• THE TASK
Return an exact copy of the lines from the one holding "Casa La Parra, 64 Villa Nerja Kültér fotó" to the end of the data, including both the starting and final lines. Leave the pictures out.
════════
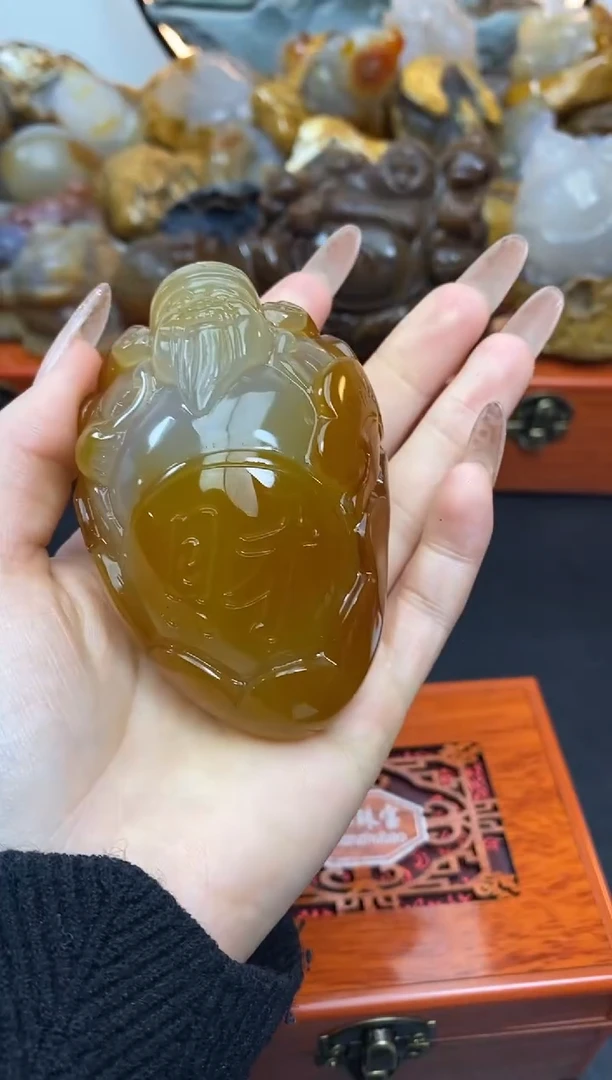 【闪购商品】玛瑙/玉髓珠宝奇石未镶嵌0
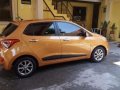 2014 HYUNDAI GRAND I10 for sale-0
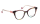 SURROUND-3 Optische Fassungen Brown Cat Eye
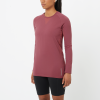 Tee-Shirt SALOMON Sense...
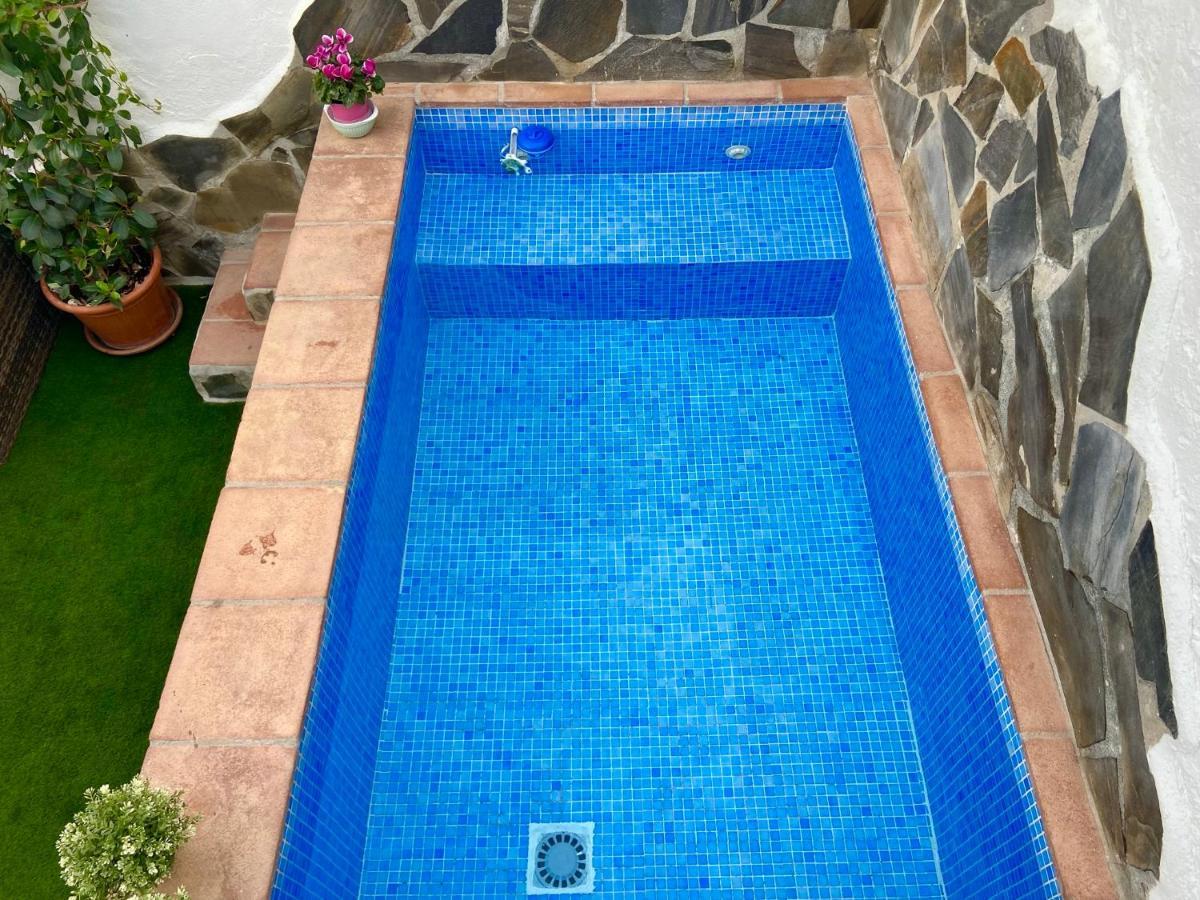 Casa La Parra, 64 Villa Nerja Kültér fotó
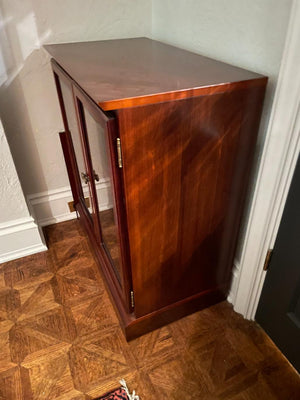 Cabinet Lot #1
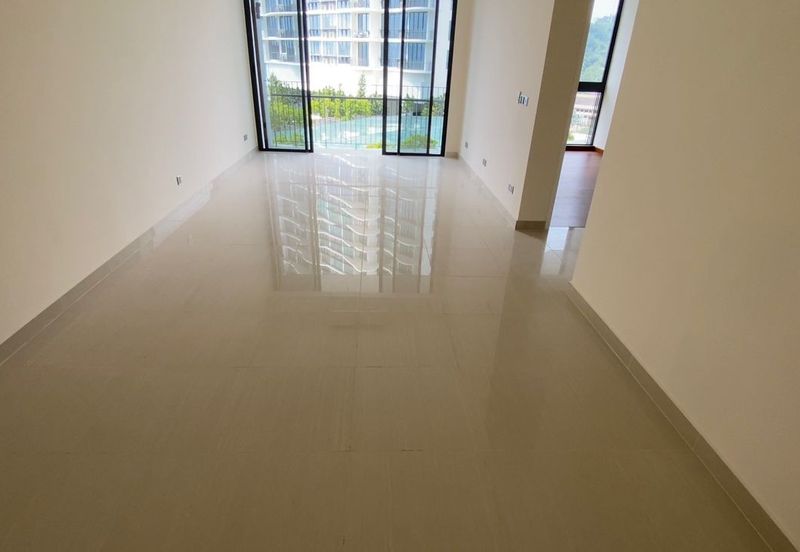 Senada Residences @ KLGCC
════════
• TASK OUTPUT
 Casa La Parra, 64 Villa Nerja Kültér fotó
 Cabinet Lot #1
 Senada Residences @ KLGCC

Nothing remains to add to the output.